There have been many CIC officers graduated from RMC, both reident students and distance learning.   The in residence students are far fewer and make up an insignificant portion of the student body but if you look around they are there.   Many CIC officers also pursue second degrees through RMC once commissioned so I'm not sure how they are accomodated at the college.

CIC Air officers could not fly CF aircraft without completing the full gambit of training, even with a commercial rating, with the possible exception of the airbus.   Most CIC pilots have either a glider license or a simple PPL so it wouldn't be any easier for them to fly over any other civilian.   The burden of training would be the same.

In an ideal world, the CIC would be made up of officers who had another MOC as their primary trade and then seconded to the CIC so in times of need they could be mobilized back to their home positions, but this is not financially feasible, and administratively it would be a nightmare.   The CIC has a deep pool of skills, we have preliminary military training and all would be capable of leading personnel in a variety of situations, however majoritively there is no tactical experience and this is where the CIC officers would require training.   Many CIC officers have component transfered to the PRes or Regs and depending on theirTI and civilian skills the majority only have to CAP to be ready for use in their new home units.   Just because we work with kids, many of whom are the same age as PRes soldiers, do not discount the skill or the role they could play in time of emergency or conflict.
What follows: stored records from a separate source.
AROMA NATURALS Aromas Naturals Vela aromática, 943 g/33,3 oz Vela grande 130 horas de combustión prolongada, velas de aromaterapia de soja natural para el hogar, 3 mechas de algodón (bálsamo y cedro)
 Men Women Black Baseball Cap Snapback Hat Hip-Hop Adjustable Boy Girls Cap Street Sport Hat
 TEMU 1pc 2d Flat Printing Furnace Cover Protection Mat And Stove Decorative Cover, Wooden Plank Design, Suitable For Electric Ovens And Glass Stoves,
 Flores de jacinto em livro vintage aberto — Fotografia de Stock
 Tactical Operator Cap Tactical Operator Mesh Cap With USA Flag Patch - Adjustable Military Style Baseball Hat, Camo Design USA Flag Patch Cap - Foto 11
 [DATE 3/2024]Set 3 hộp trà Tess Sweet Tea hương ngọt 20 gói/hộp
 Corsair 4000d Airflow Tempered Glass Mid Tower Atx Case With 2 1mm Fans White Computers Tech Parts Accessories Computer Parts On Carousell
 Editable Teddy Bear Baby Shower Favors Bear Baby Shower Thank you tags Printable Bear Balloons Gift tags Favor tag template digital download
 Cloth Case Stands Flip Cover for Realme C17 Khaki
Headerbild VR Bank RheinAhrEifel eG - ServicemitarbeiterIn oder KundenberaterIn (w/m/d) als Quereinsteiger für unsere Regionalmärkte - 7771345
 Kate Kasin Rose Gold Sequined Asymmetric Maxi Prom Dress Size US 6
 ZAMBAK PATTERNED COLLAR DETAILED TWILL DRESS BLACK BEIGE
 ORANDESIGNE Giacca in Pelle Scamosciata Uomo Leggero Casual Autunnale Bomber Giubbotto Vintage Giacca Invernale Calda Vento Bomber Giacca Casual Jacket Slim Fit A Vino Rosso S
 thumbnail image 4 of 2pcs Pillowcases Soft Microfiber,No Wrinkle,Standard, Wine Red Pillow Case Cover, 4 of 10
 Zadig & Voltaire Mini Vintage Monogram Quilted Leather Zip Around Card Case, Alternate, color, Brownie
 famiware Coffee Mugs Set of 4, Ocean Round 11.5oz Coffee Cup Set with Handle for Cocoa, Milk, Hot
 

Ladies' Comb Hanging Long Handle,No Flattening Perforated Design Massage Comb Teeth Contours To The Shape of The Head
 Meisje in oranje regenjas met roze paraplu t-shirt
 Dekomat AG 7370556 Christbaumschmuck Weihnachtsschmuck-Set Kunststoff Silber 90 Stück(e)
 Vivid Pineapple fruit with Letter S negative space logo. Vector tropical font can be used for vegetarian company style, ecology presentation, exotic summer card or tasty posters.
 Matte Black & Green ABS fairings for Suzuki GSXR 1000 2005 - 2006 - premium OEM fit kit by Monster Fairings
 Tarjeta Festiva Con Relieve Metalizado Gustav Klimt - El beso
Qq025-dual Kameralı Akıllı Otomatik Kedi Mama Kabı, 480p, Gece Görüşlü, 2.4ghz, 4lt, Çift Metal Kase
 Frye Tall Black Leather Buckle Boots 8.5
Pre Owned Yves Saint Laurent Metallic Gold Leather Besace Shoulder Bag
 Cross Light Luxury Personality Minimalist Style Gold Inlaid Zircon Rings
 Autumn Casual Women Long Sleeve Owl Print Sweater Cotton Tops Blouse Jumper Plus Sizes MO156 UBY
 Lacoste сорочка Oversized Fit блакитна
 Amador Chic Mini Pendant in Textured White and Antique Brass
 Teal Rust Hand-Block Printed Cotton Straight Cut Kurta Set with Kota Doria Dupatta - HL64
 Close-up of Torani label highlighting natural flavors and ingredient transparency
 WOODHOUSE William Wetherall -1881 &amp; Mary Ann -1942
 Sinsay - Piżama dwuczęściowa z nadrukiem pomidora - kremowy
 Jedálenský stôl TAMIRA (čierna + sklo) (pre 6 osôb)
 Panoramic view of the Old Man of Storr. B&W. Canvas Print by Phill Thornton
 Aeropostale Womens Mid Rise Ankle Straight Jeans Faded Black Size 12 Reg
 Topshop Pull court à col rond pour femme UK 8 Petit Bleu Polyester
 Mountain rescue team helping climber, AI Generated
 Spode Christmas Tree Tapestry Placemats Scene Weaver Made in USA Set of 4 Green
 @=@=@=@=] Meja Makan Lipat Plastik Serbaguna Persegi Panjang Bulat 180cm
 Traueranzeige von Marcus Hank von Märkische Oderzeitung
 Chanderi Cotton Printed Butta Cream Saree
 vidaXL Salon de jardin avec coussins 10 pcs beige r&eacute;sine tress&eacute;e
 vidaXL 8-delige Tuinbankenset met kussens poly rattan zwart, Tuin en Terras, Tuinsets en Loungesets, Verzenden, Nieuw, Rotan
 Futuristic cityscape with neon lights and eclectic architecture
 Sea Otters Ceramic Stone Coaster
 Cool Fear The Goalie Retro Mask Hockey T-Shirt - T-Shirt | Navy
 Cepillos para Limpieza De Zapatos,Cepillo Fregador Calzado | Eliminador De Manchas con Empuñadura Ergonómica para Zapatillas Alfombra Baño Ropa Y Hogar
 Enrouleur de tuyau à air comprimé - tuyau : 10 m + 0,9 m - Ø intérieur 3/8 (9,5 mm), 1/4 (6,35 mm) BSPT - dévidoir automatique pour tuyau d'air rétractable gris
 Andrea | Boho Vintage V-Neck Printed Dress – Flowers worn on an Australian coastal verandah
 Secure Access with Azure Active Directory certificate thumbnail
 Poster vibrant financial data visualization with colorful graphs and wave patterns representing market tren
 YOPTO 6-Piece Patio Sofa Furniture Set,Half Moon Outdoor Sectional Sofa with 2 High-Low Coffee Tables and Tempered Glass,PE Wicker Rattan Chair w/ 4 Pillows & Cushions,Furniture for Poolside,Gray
Take my lengthy posts as you will, but we do have something to offer, and all the CF need do is ask and we'll respond to the needs identified.


----------



## big_castor (7 Nov 2005)

Jungle said:
			
		

> MOC means "Military *Occupation* Code". It has nothing to do with the operational status of a trade...   :



FYI everyone :



> MILITARY OCCUPATION CODES (MOC) CESSATION OF USE
> 
> Réf : A. CANFORGEN 099/03 SMA(HR-MIL) 043 311151Z JUL 03 B. 5555-130-0 (PARA 2) 25 août 2004
> 
> ...


----------



## Danjanou (7 Nov 2005)

Hmmm. Ok I've been thinking about looking into becoming a CIC officer as I have a couple of nephews who are old for cadets and are thinking about it. Should I avail myself of the opportunity and in turn be accepted, lets take it one step further what would this potential  CIC O/Cdt have to offer in case of a full scale mobilization.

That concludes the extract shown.